Task statement:
Look through the data below and extract, unchanged, the lines from the one that contains "designed by @eyeforpretty_" to the one that contains "#InteriorDesignPhoenix #interiordesign #phoenix", both included.

Exercise input:
##########

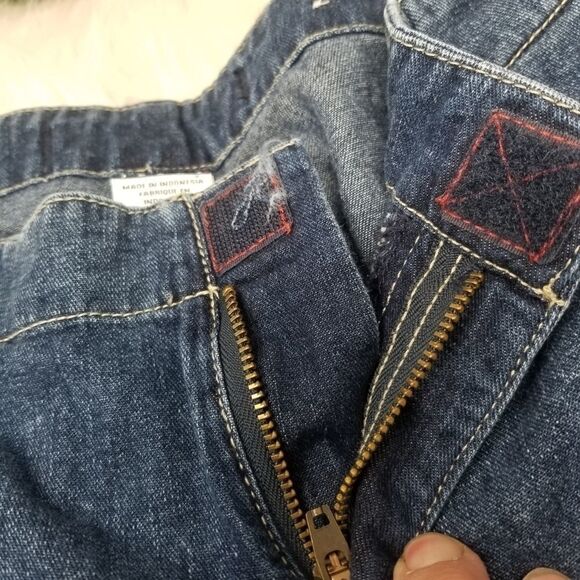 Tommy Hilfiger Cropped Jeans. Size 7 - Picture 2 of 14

##########

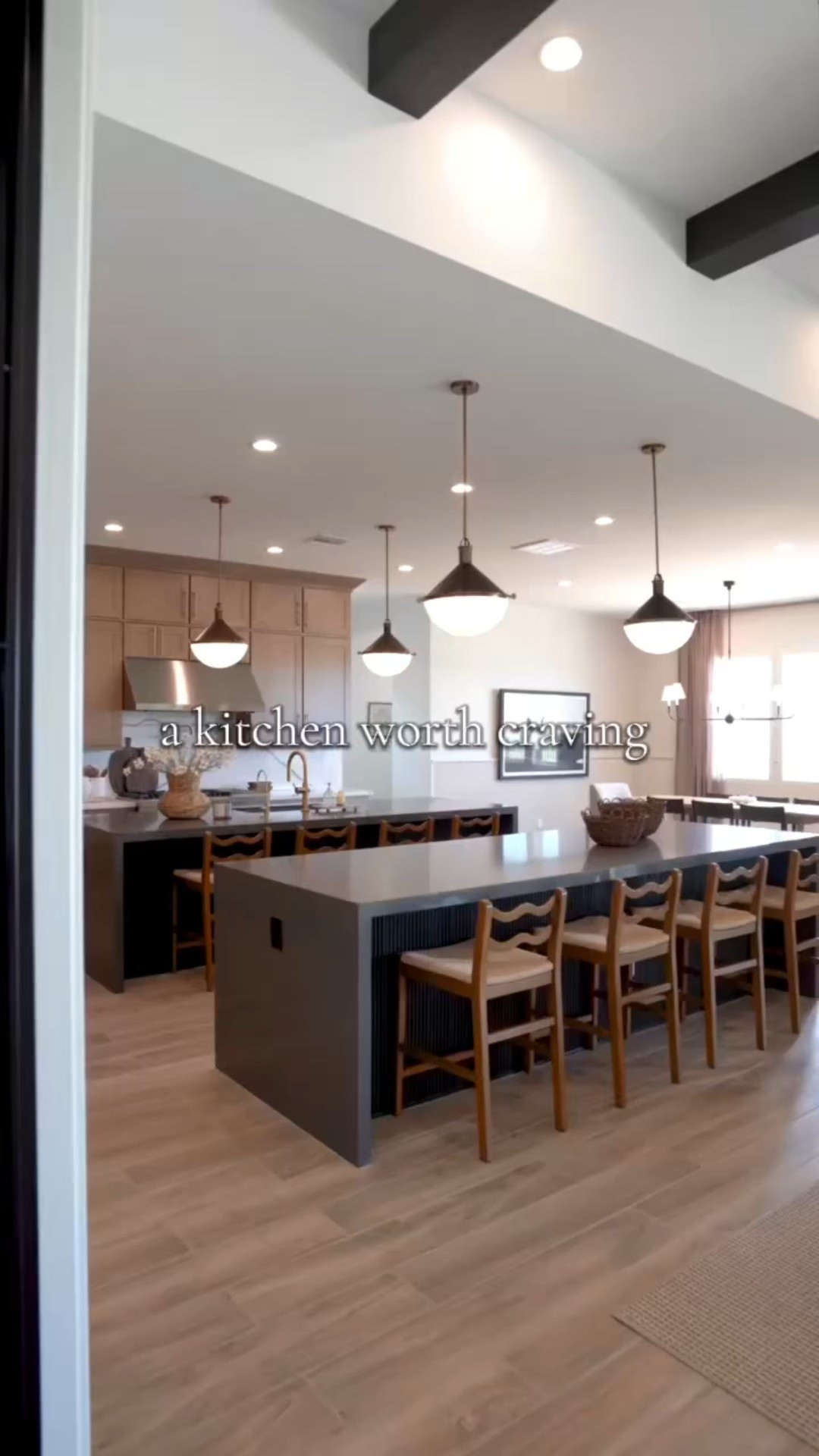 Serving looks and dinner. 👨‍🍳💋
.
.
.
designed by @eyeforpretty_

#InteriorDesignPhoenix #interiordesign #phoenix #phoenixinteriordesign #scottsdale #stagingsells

##########

Exercise output:
designed by @eyeforpretty_

#InteriorDesignPhoenix #interiordesign #phoenix #phoenixinteriordesign #scottsdale #stagingsells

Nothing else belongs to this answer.